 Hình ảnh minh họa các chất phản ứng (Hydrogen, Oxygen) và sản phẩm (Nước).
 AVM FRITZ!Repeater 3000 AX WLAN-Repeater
--
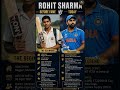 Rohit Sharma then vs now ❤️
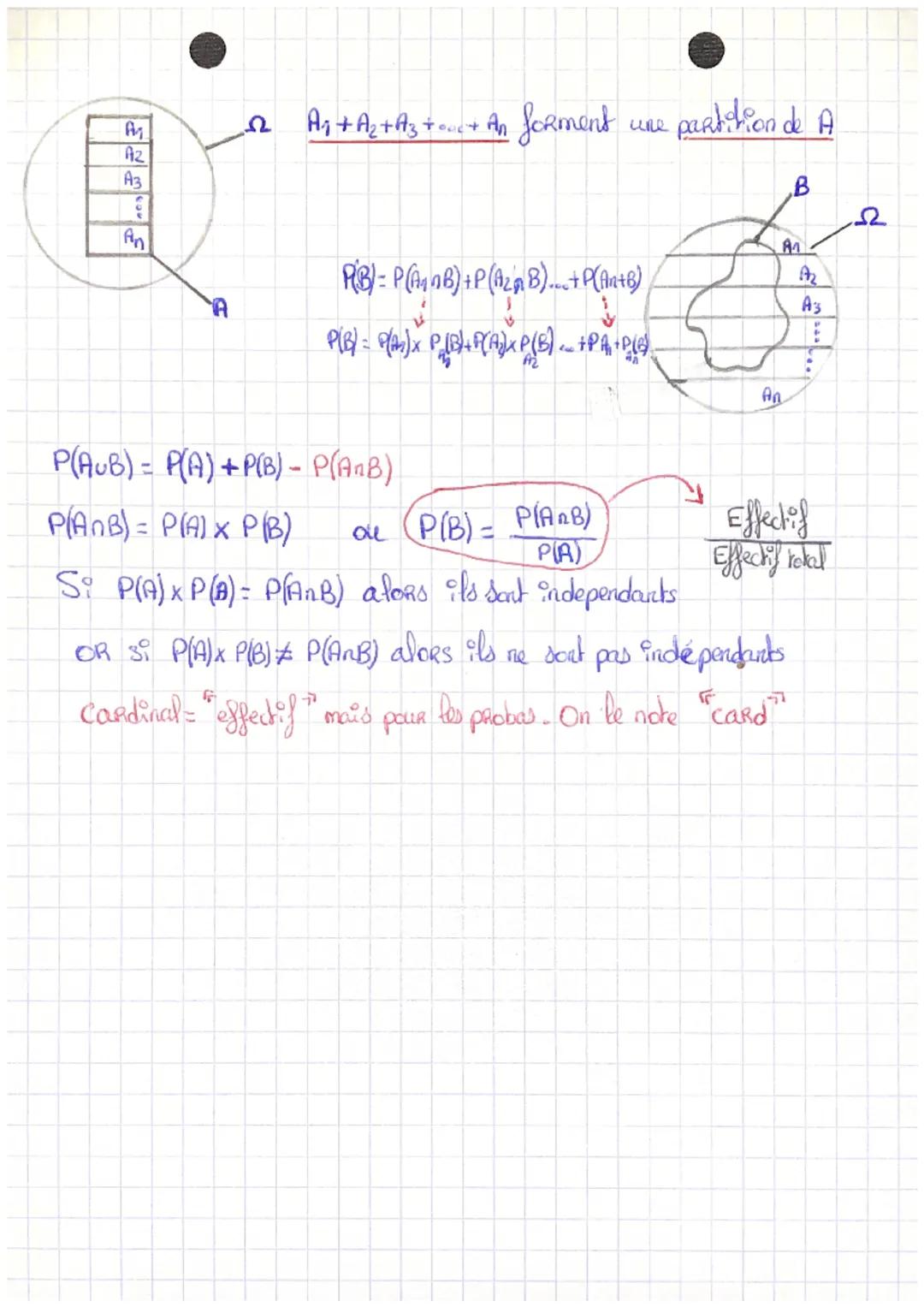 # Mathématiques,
...
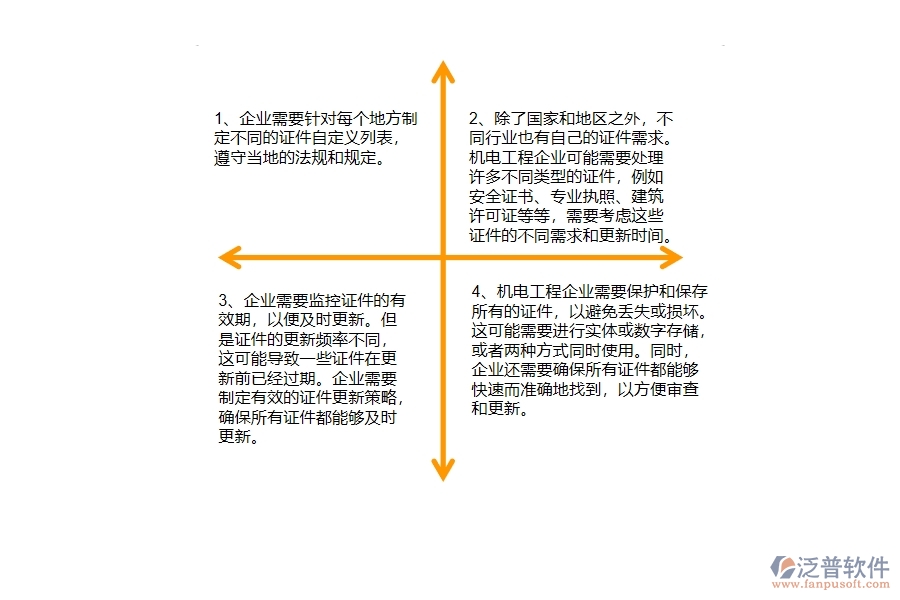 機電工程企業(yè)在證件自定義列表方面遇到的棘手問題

■ WHAT TO PRODUCE: Taking the lines above, repeat exactly those from the line that contains "Hình ảnh minh" through the line that contains "AVM FRITZ!Repeater 3000 AX WLAN-Repeater", and both of those lines as well. Include nothing else.

■ PROBLEM SOLUTION:
 Hình ảnh minh họa các chất phản ứng (Hydrogen, Oxygen) và sản phẩm (Nước).
 AVM FRITZ!Repeater 3000 AX WLAN-Repeater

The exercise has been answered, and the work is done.